Run that mail through another procmail recipe that discards all mail from mailer-daemon, postmaster and other such places if it isn't to me. That's another couple of megabytes I don't have to see.
Finally, download mail from the box in my closet, and sometimes from corporate servers, to my laptop where DSPAM runs. DSPAM is still learning, but it's already doing a pretty good job, and it's a lot less demanding on my CPU.

The hardest part was getting DSPAM integrated with exim4, but Odhiambo Washington on the dspam-users mailing list finally got me through it. (I'm using exim4 because that's an MTA supported by DynDns' Mailhop^SM Outbound service.)

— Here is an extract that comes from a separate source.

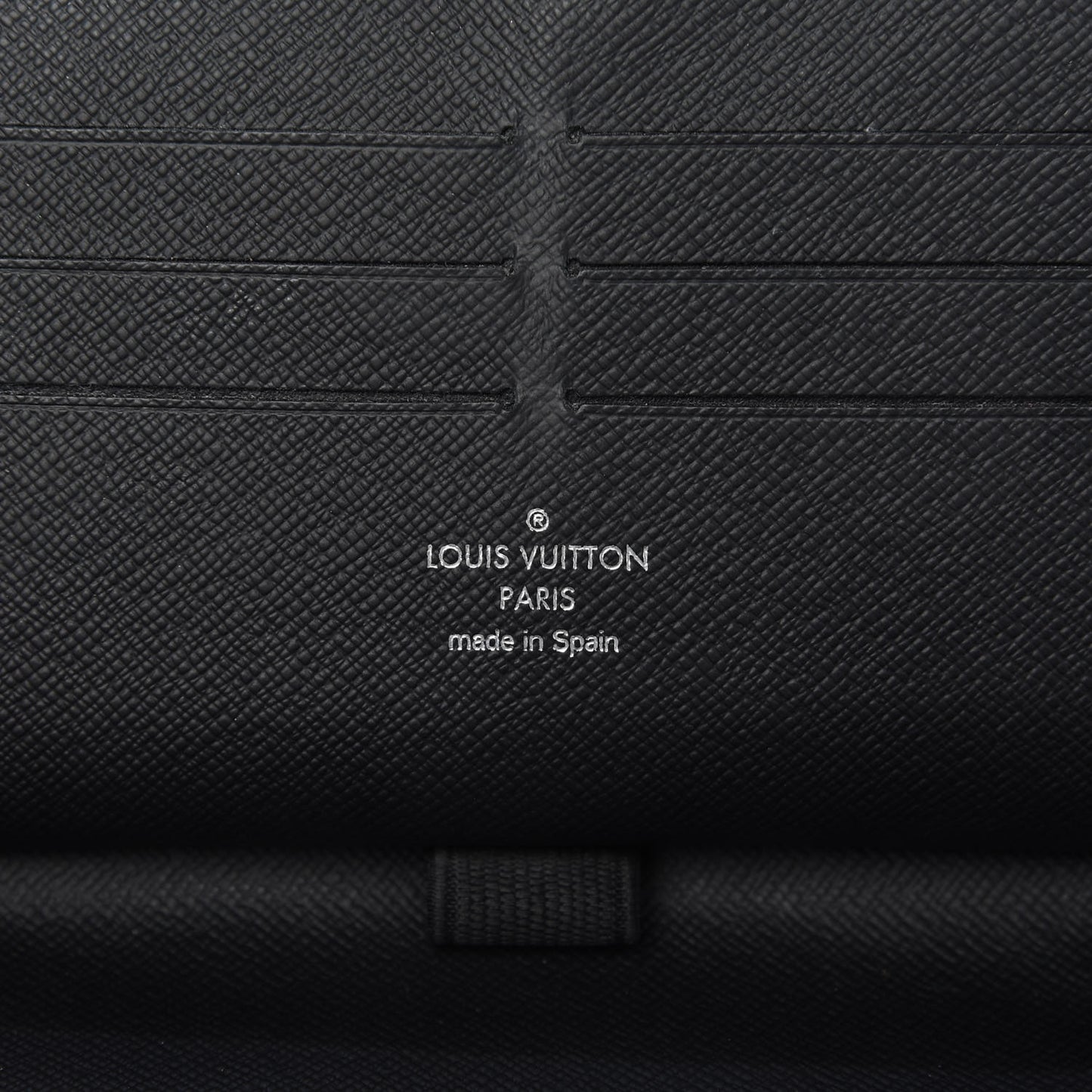 Damier Graphite Zippy Organizer Wallet
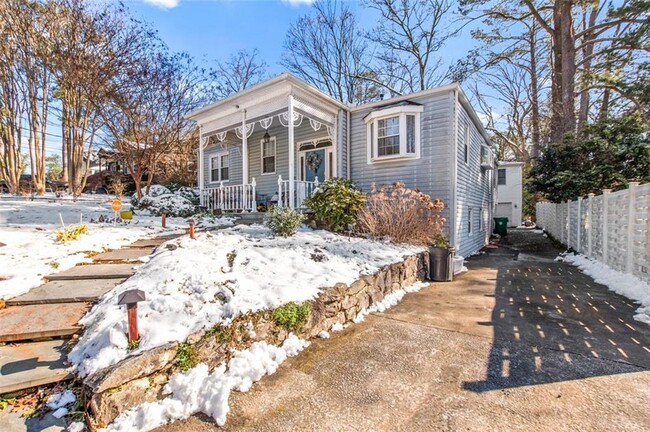 property at 1053 Vista Trail NE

The trick was to compile DSPAM with exim4 as the default delivery agent, and getting the dspam_router configuration right:

dspam_router:
   no_verify
   check_local_user
   # When to scan a message :
   # - it isn't already flagged as spam from DSPAM
   # - it isn't already scanned
   condition   = "${if and { \
                           {!def:h_X-FILTER-DSPAM:} \
                           {!eq {$received_protocol}{spam-scanned}} \
                           }\
                           {1}{0}}"
   headers_add  = "X-FILTER-DSPAM: by $primary_hostname on $tod_full"
   driver       = accept
   transport    = dspam_spamcheck

This comes right after the userforward router in the exim4 configuration. The routers to handle spam and ham come next:

dspam_addspam_router:
  driver = accept
  local_part_prefix = spam-
  transport = dspam_addspam

dspam_falsepositive_router:
  driver = accept
  local_part_prefix = ham-
  transport = dspam_falsepositive

Finally, down in the transporters section, we have:

dspam_spamcheck:
  driver = pipe
  command = "/usr/local/bin/dspam --deliver=innocent --user ${lc:$local_part} -f '$sender_address' -bm %u"
  user = Debian-exim
  group = mail
  log_output = true
  return_fail_output = true
  return_path_add = false
  message_prefix =
  message_suffix =

dspam_addspam:
  driver = pipe
  command = "/usr/local/bin/dspam --class=spam --source=error --user ${lc:$local_part} -f '$sender_address' -bm %u"
  home_directory = "/tmp"
  current_directory = "/tmp"
  user = Debian-exim
  group = mail
  log_output = true
  return_fail_output = true
  return_path_add = false
  message_prefix =
  message_suffix =

dspam_falsepositive:
  driver = pipe
  command = "/usr/local/bin/dspam --class=innocent --source=error --deliver=innocent --user ${lc:$local_part} -f '$sender_address' -bm %u"
  home_directory = "/tmp"
  current_directory = "/tmp"
  user = Debian-exim
  group = mail
  log_output = true
  return_fail_output = true
  return_path_add = false
  message_prefix =
  message_suffix =

Don't ask me why that works, I'm really not quite sure, I'm just happy that it does.

I think this configuration is a winner.

Comments

Nice solution. Although I still have not read DSPAM documentation, I'm curious on how do you tell DSPAM that he's wron in any way (either spam or false positive). By the rules I see on exim configuration, you have to resend the e-mail to ham- or spam- e-mails, right? (where "username" is your user name). Please, tell me if this is the case. Best regards, diego

Exactly. The dspam_addspam_router configuration intercepts any message to spam-xxx and routes it to dspam marking it as spam for user xxx. Since it's all delivered locally, it's fast and convenient. There are mechanisms for feeding dspam a corpus of spam or ham, but I haven't bothered.

What does the following section ?
-f '$sender_address' -bm
I found I had to remove it (at least from the first router section) else I was getting extra envelope to address (-f@domain.com, -bm@domain.com as well as duplicates for the user) Tim

I'm sorry, Timothy, I can't explain that. It was folks on the dspam mailing list, mostly Odhiambo, that got me through the configuration process. I don't really grok all the details.